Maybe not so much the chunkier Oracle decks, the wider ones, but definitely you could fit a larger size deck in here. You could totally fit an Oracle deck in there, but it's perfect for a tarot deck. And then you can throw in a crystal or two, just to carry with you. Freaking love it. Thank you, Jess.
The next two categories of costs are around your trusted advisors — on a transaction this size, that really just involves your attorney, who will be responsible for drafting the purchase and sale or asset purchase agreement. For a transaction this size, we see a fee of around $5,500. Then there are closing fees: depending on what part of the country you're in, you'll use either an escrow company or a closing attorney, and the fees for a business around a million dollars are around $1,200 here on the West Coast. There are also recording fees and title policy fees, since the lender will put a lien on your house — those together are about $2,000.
---
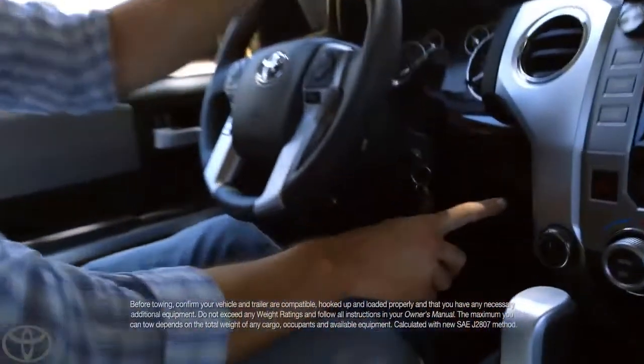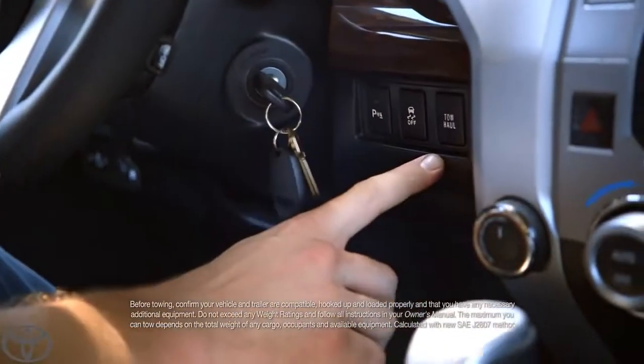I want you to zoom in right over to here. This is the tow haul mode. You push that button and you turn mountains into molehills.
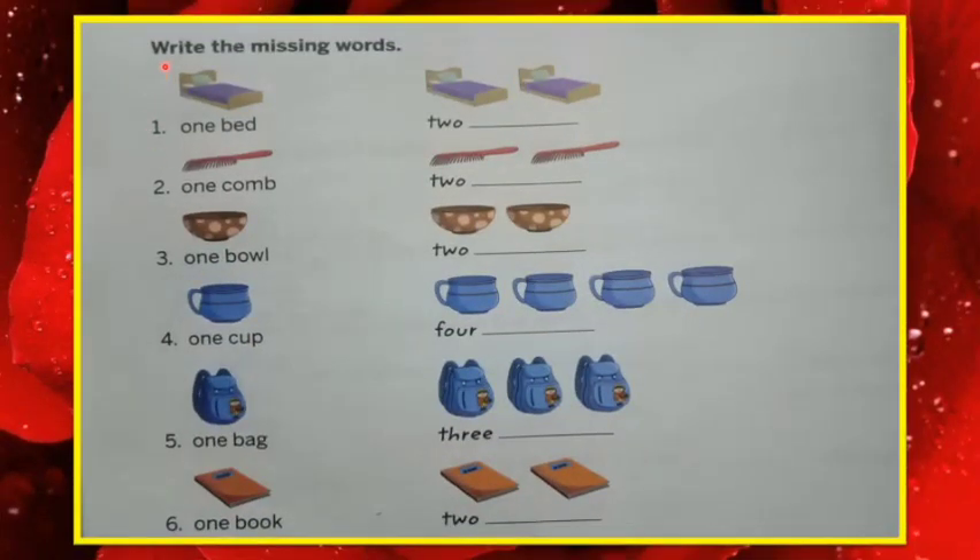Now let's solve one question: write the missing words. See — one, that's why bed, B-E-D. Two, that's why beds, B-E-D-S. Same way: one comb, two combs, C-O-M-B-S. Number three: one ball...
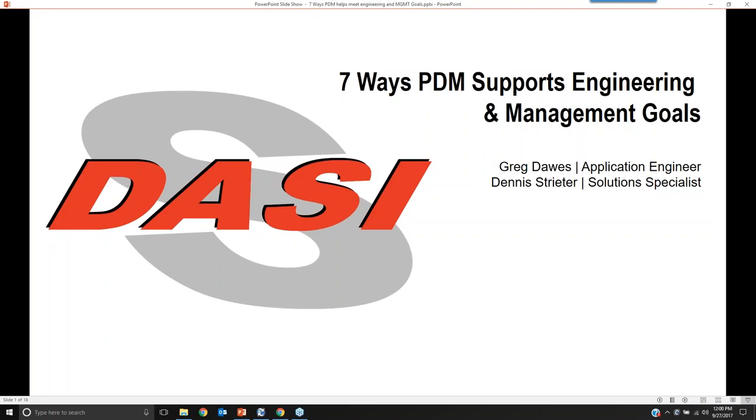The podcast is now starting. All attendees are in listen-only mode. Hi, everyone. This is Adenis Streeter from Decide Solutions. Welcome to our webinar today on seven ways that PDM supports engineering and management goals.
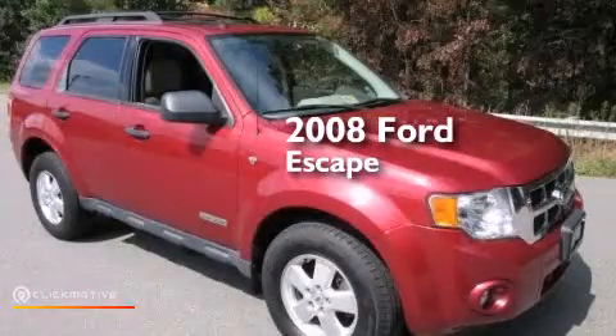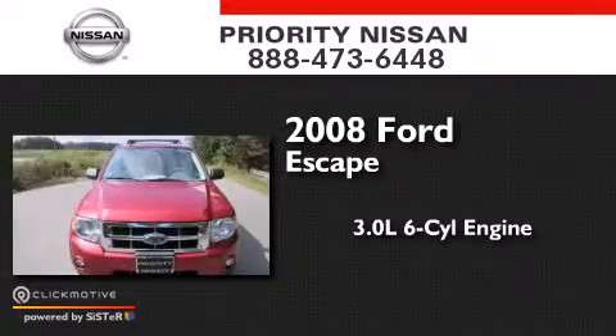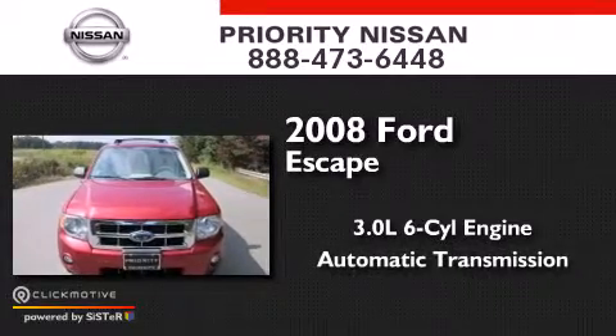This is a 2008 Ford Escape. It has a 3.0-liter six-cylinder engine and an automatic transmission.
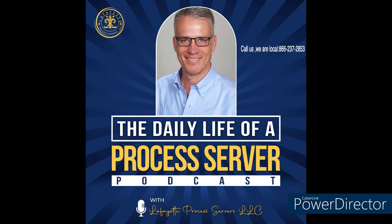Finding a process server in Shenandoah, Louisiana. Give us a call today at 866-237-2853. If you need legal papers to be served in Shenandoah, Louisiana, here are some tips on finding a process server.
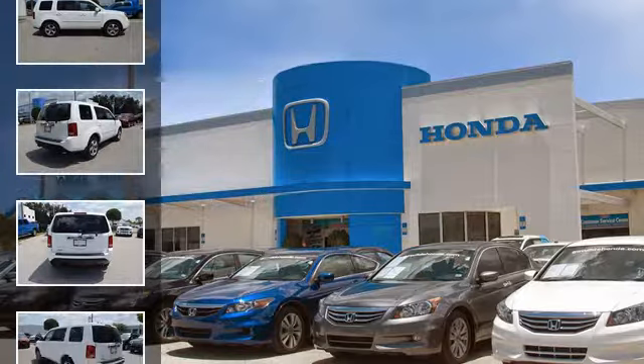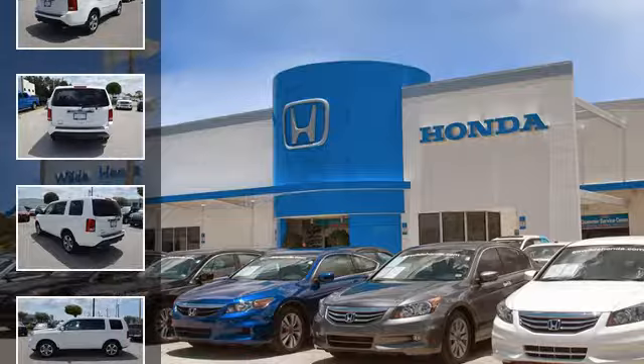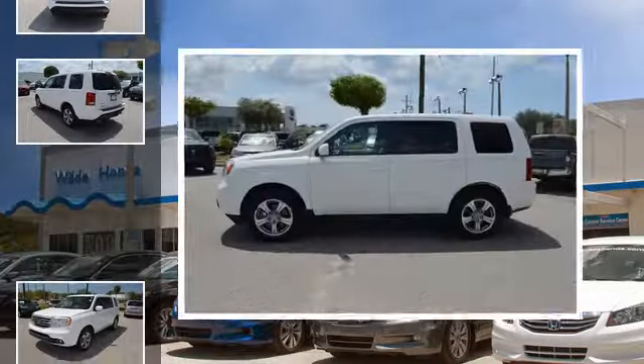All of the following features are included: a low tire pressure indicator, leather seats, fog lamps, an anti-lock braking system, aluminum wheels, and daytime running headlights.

TASK INSTRUCTIONS: A word-for-word reproduction is needed of the lines above from the line containing "The podcast is" through the line containing "Finding a process server in", with both ends kept and no pictures.

SOLUTION FOR THIS EXERCISE:
The podcast is now starting. All attendees are in listen-only mode. Hi, everyone. This is Adenis Streeter from Decide Solutions. Welcome to our webinar today on seven ways that PDM supports engineering and management goals.
This is a 2008 Ford Escape. It has a 3.0-liter six-cylinder engine and an automatic transmission.
Finding a process server in Shenandoah, Louisiana. Give us a call today at 866-237-2853. If you need legal papers to be served in Shenandoah, Louisiana, here are some tips on finding a process server.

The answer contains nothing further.